Solved – Cross-validation of a machine learning pipeline

I want to find the best model process for a machine learning pipeline. In other words, normalize $\rightarrow$ feature select $\rightarrow$ test model performance. For example, let's say I want to try Ridge, Lasso, and Elastic Net regression and I am doing normalization, feature selection, and a cross-validated hyperparameter search for all models. I want to pick the best out of the three.

Does it theoretically make sense to run cross-validation where I run the entire pipeline on each of the left out folds? In SKLearn, something like this:

models = [Ridge(), Lasso(), ElasticNet()]

for model in models:
    pipe = Pipeline([('scaling', scaler),
                      ('feature_selection', selectorCV),
                      ('param_searcm', gridsearchCV)])
    scores.append(cross_val_score(pipe, X, y))

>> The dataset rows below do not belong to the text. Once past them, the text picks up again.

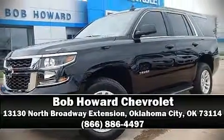Our sales staff will help you find the vehicle that you've been searching for. Please don't hesitate to give us a call.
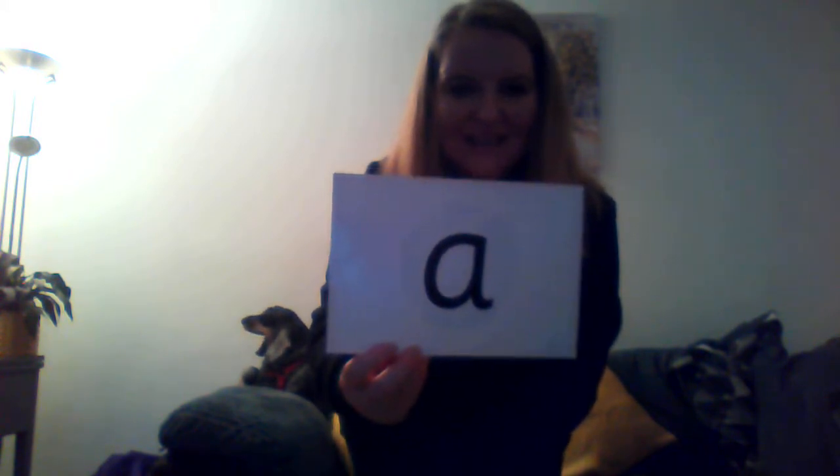Ready for the next one? Clap clap turn around. I'll show you the letter, you tell me the sound. Well done! That is a, a, a, a. Can you get your arm and go like this — a, a, a, a, make it go up and down. These are your ants and they're going up and down for the action.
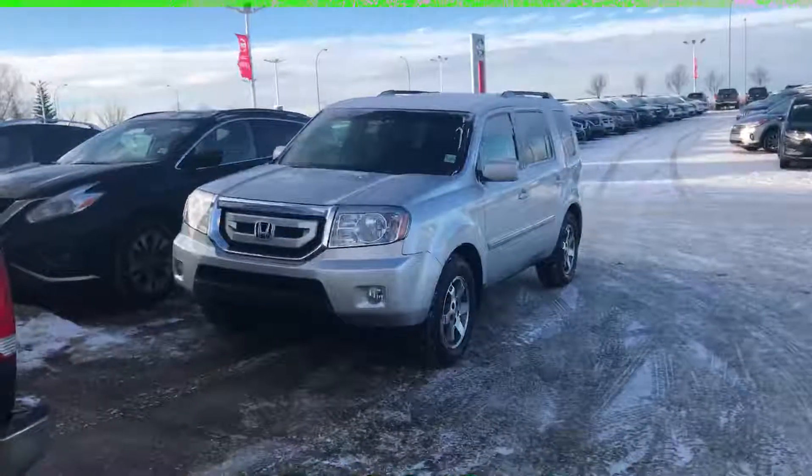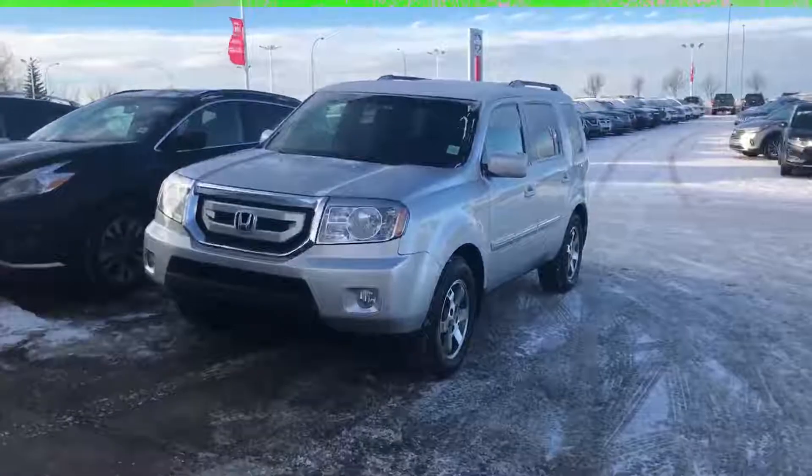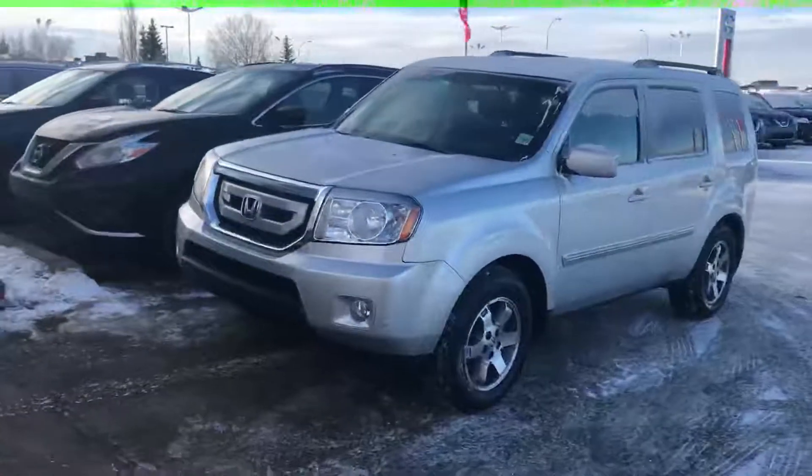Good morning Juliet, here you are from Sureware Nissan. So here's the 2009 Honda Pilot, the one you were interested in.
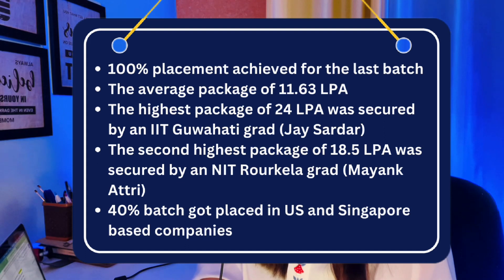The average package was 11.63 LPA. The highest package was 24 LPA, secured by an IIT Guwahati grad, Jay Sardar. The second highest package was 18 LPA, secured by an IIT Roorkee grad, Mayank Atri. 40% of the batch got placed in US and Singapore-based companies.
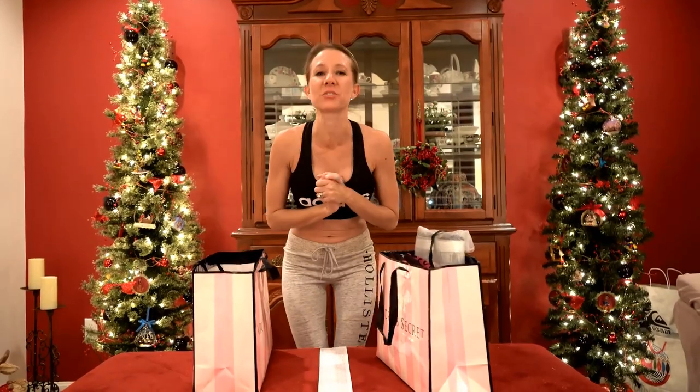It's time for the Victoria's Secret haul, and this is unlike any other haul I've done before, because right now their sales are incredible. I have told you in the past how incredible they are, but right now they are even more incredible. I made out — I got so many gifts for people. Let's get started with the things that I got for free.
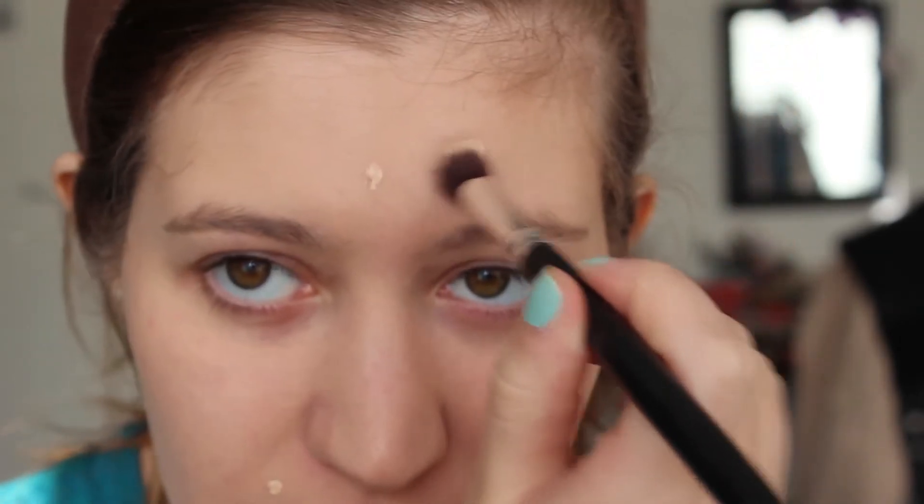I'm a bit of a concealer-addicted person, so I'm going to use my first concealer and this one is from Essence — not to confuse with this other one from Essence. I'm going to tap this in and blend it in.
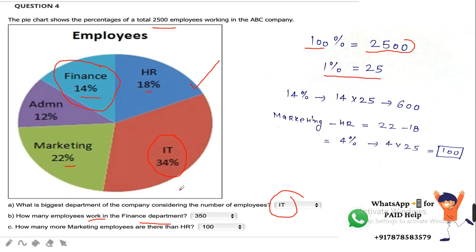The Finance department has 14% employees. We multiply 14 by 25 — that gives 350. Sorry, correction: 14 multiplied by 25 equals 350... the speaker notes 300, but the calculation gives 350. So approximately 300 to 350 employees are working in the Finance department.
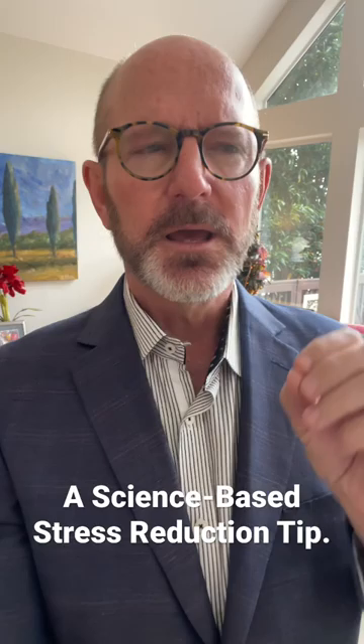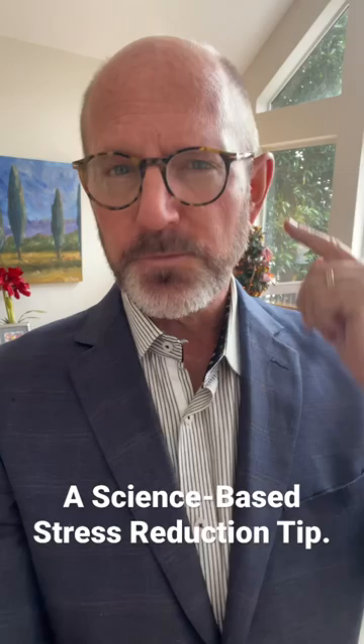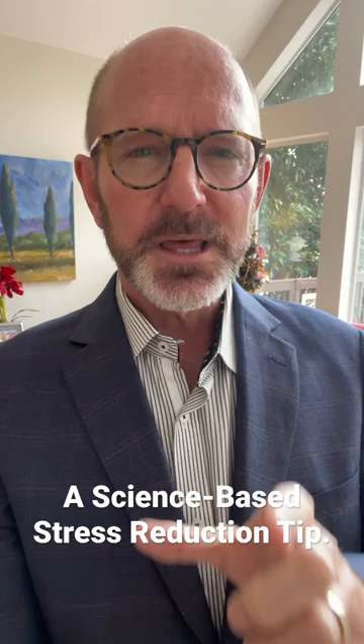Here's a technique based on science. It incorporates the use of the vagus nerve, which is the nerve that goes from the base of your skull all the way down to your tailbone. What you're doing is stimulating that vagus nerve through a very simple technique.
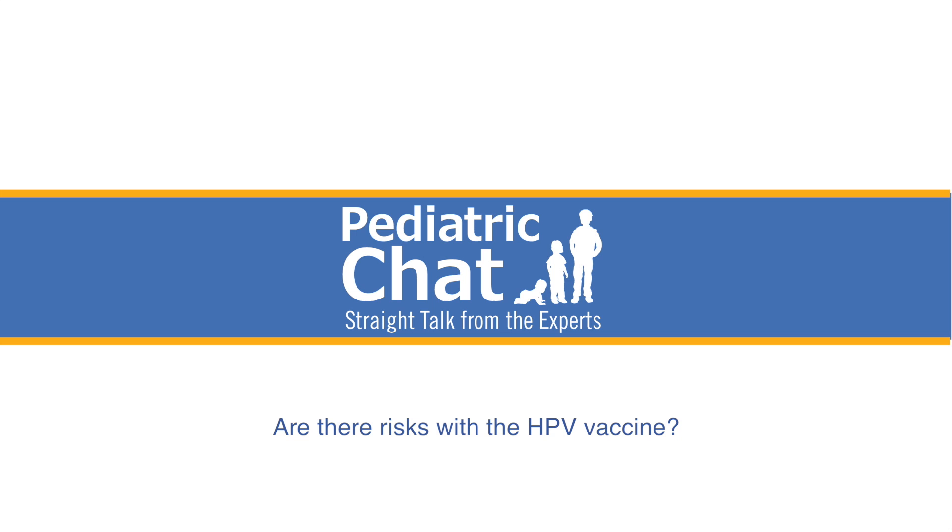Are there risks to that vaccine? Like all vaccines, the HPV vaccine can be associated with side effects such as pain at the site, local reactions, and redness. In some cases, some kids will feel a little lightheaded at the time they get the vaccine. However, this vaccine is not associated with any serious or long-term adverse effects — it's a very safe vaccine. It's given intramuscularly as a shot in the shoulder: three shots over the course of six months.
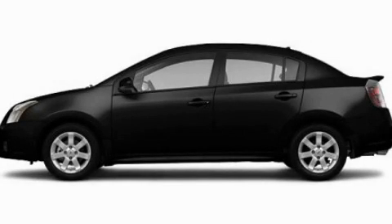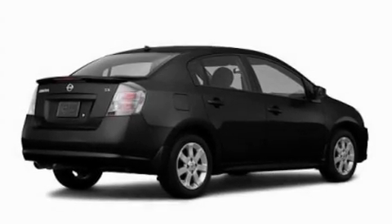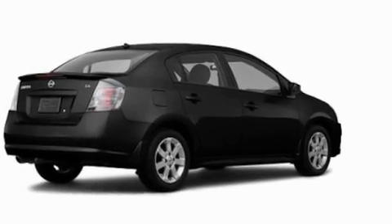This is a 2011 Nissan Sentra. It features a 2.0-liter four-cylinder engine and a continuous variable transmission.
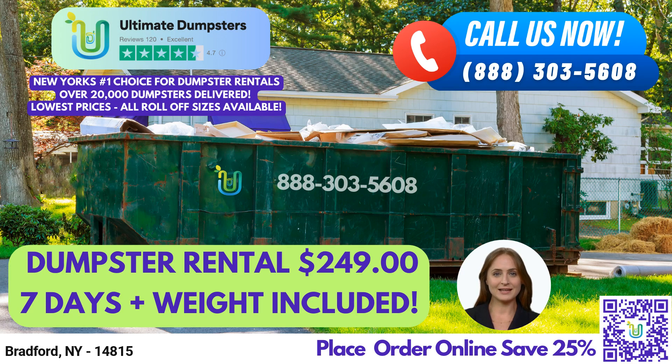Welcome to our video presentation about Ultimate Dumpsters and our Roll-Off Dumpster Rental Service in Bradford, New York. We are proud to offer nationwide coverage, delivering to over 50,000 cities across 50 states and 3 countries, sourcing dumpsters using the best and cheapest local providers. Our 4.5-star rated reputation speaks for itself.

# get the best model pipeline from cross_val_score, fit on all my data, 
#  and whoop there is my best model

Best Answer

From the look of the code, it implies that the whole model fitting procedure is being cross-validated for each model, which is indeed the right way to go about it. Cross-validation is best viewed as a method for evaluating the performance of a procedure for fitting a model, not the fitted model itself. So if you perform feature selection, then that needs to be performed independently in each fold of the cross-validation, if you tune hyper-parameters, then they need to be tuned independently in each fold of the cross-validation. It is important to remember however that the cross-validation score of the best model will be an optimistically biased estimate of the performance of the final system as it has been directly optimised to choose the best model.